This is the first NFT minted for the first collection of digital works by Chris McKay, aka Charlie Son. He has been a photographer of music and entertainment legends for more than 20 years. McKay's work has been featured in all major outlets and publications with much of his work represented by Getty Images . He took all of the photos and videos upon which his NFTs are based.

About this piece from the artist:

David Bowie Turns On His Audience. 

Didn't he? Doesn't he? Look at him. Look at the fierceness. David Bowie was a turn on. Musically. Artistically. Emotionally. Physically. Even at Bowie's most detached, he was something beyond magnetic. But, of course, that's far from all. Not only would Bowie turn on the audience in the more common sense, he was never afraid to turn on his audience (as in turn his back) when it was time to move on. He would build a world, invite everyone in, then toss away the entire aesthetic, like shedding skin, to grow. Meanwhile, as hard as everyone tried, no one could ever really catch up to him. 

Ziggy? Yeah, Ziggy was The Nazz, but Ziggy lived his time, dropped his body, and from what once had been Ziggy, Halloween Jack crawled from the ruins. Within a year, The Thin White Duke had disposed of Halloween Jack's exoskeleton and traded rock and roll for soul. 

As soon as The Soul Period was accepted, Bowie was off to Germany to record icy, non-commercial experimental sounds that were unheard of in so-called "popular music". 

Of course, the biggest surprise was in the early '80s when everyone was convinced that Bowie had settled in as an "art rocker". What was there left to do, after all? Well, David turned on his previous lives and followers by releasing the Let's Dance album (one of the most popular and commercial releases of that year). This new, super-blonde, glossy creature then took the world by its currencies, selling out stadiums across the globe on the Serious Moonlight Tour.

This was the course for David Bowie. This was always the course. Turning on. 

Bowie would regularly "retire". He did it in 1973. He "retired" his old hits in 1990, but whenever he was inspired to return, he would come back and you could never know who he would be now. The Goblin King from Labyrinth? The electro-wizard of the Earthling era? You couldn't know. And that was a big part of The Turn On.

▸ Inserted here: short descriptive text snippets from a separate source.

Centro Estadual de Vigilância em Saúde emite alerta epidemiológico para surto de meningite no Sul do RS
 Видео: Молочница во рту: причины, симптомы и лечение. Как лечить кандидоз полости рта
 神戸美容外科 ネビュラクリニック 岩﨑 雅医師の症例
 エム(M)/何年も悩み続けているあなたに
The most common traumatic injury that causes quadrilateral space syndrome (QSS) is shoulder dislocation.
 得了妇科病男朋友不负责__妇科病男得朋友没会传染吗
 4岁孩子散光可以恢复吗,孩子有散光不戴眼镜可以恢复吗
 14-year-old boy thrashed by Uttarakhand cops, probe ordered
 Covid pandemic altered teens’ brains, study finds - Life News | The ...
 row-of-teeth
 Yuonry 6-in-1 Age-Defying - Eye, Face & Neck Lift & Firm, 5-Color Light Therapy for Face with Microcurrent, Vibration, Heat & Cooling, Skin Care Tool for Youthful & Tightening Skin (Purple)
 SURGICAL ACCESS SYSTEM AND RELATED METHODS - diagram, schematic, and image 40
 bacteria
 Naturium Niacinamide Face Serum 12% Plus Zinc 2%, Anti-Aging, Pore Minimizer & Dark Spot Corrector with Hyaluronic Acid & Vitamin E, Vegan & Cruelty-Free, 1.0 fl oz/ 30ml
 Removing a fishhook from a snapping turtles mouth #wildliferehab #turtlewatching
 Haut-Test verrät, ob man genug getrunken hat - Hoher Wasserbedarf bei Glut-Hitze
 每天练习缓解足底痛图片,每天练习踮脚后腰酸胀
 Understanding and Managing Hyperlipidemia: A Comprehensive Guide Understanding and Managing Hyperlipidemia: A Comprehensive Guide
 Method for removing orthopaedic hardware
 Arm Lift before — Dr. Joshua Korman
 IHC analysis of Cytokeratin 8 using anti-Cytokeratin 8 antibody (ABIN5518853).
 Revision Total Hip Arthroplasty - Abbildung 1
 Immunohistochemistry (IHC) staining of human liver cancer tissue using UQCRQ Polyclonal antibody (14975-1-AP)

Fitting of Bowie, he didn't announce his retirement when he actually did stop performing in the mid 2000's. He just went away and left people wondering for years. Within days of his death, he released one final, glowing masterwork, 2016's Blackstar. The album appeared on his 69th birthday, and, within days, David Bowie had simply dropped one more body, simultaneously turning on his audience (in yet another way) as his hits transformed themselves from songs into canons. And new audiences were and are still coming to him.

I took this photo on May 8, 2004 in Atlanta, Georgia. His final concert ever was just a little more than a month away, but we had no way to even imagine such a thing on this night. 

If Bowie had ever integrated all of his characters, the Reality Tour was that time. He took his favorite musicians from over the years and formed a crack band that could turn on (there's that phrase again) a dime. 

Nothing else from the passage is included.